[Date Prev][Date Next][Thread Prev][Thread Next][Date Index][Thread Index]
Re: [Qemu-devel] [RFC 00/29] Migration: postcopy failure recovery
From: |
Peter Xu |
Subject: |
Re: [Qemu-devel] [RFC 00/29] Migration: postcopy failure recovery |
Date: |
Mon, 21 Aug 2017 15:47:44 +0800 |
User-agent: |
Mutt/1.5.24 (2015-08-30) |
On Thu, Aug 03, 2017 at 04:57:54PM +0100, Dr. David Alan Gilbert wrote:
> * Peter Xu (address@hidden) wrote:
> > As we all know that postcopy migration has a potential risk to lost
> > the VM if the network is broken during the migration.
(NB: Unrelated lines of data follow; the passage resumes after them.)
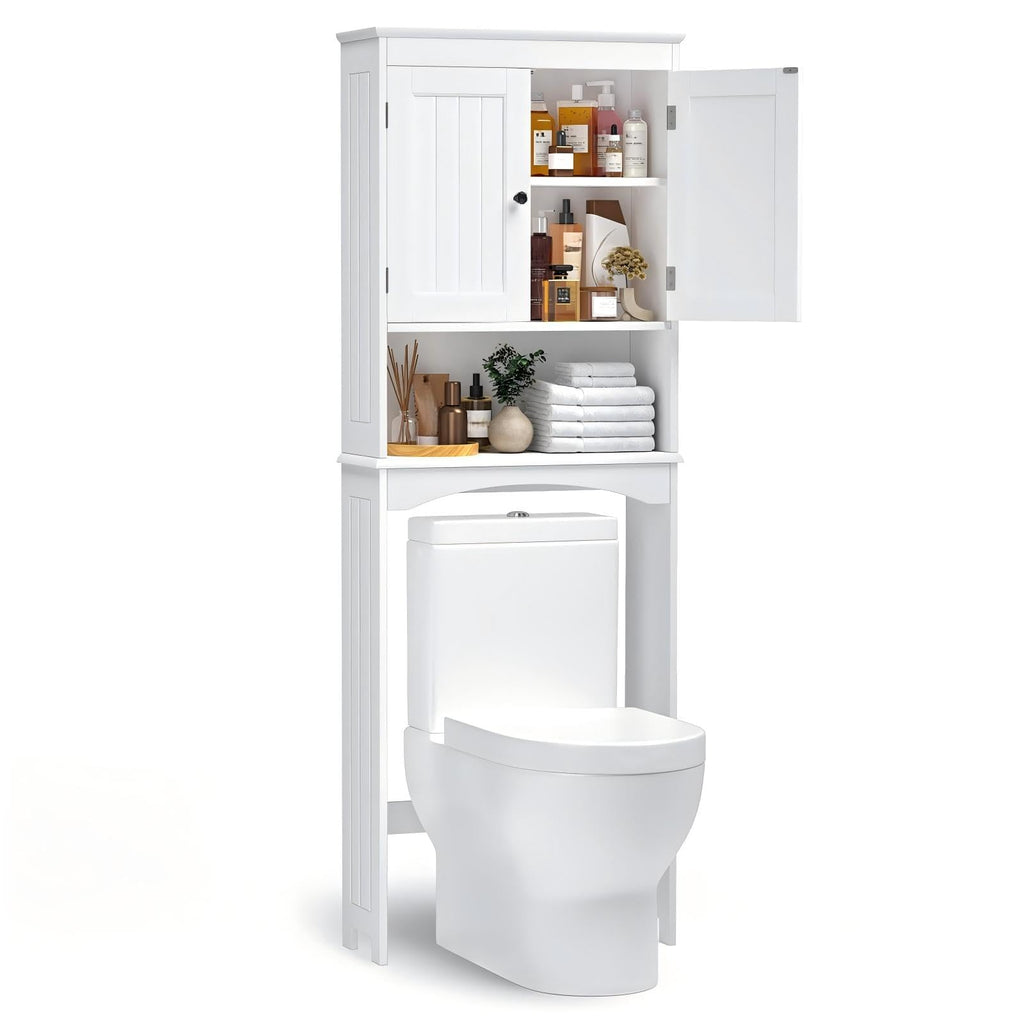 Over The Toilet Storage Cabinet with Open Shelf White N223553
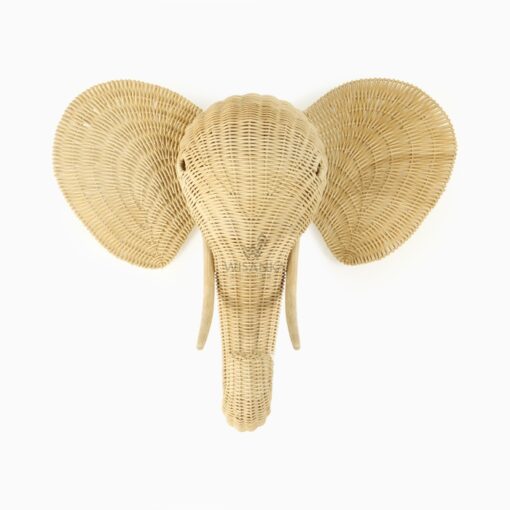 Elephant Wall Decor - Rattan Kids Animal Wall Head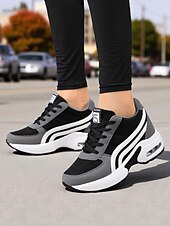 preiswerte Damen-Sneaker-Schwarze und graue klobige Laufsneaker für Damen – atmungsaktive Mesh-Schnürschuhe, lässige, sportliche Wanderschuhe fürs Fitnessstudio, Reisen und den Alltag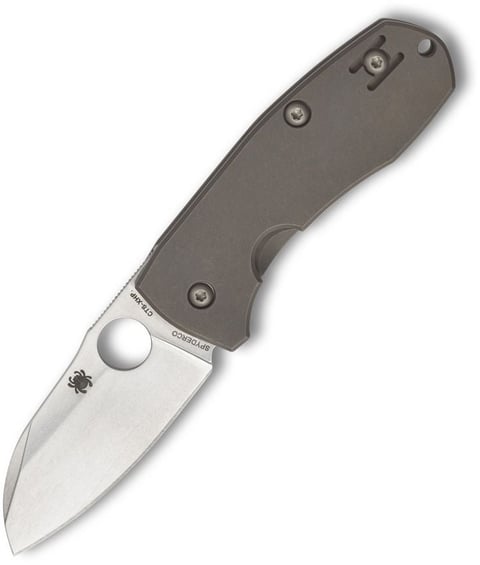 Folding pocket knife with gray handle and polished stainless steel blade against white background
This series
> > tries to solve the problem by allowing the migration to pause at the
> > failure point, and do recovery after the link is reconnected.
> >
> > There was existing work on this issue from Md Haris Iqbal:
> >
> > https://lists.nongnu.org/archive/html/qemu-devel/2016-08/msg03468.html
> >
> > This series is a totally re-work of the issue, based on Alexey
> > Perevalov's recved bitmap v8 series:
> >
> > https://lists.gnu.org/archive/html/qemu-devel/2017-07/msg06401.html
>
>
> Hi Peter,
> See my comments on the individual patches; but at a top level I think
> it looks pretty good.
>
> I still worry about two related things, one I see is similar to what
> you discussed with Dan.
>
> 1) Is what happens if we end up hanging on a missing page with the bql
> taken and can't use the monitor.
> Checking my notes from when I was chatting to Harris last year,
> 'info cpu' was pretty good at doing this because it needed the vcpus
> to come out of their loops, so if any vcpu was blocked on memory we'd
> block waiting. The other case is where an emulated IO device accesses
> it, and that's easiest by doing a migrate with inbound network
> traffic.
> In this case, will your 'accept' still work?
It will not work.
To solve this problem, I posted the series:
[RFC 0/6] monitor: allow per-monitor thread
Let's see whether that is acceptable.
>
> 2) Similar to Dan's question of what happens if the network just hangs
> as opposed to gives an error; it should eventually sort itself out
> with TCP timeouts - eventually. Perhaps the easiest way to test this
> is just to add a iptables -j DROP for the migration port - it's
> probably easier to trigger (1).
Yeah, so I think I'll just avoid considering this for now. Thanks,
--
Peter Xu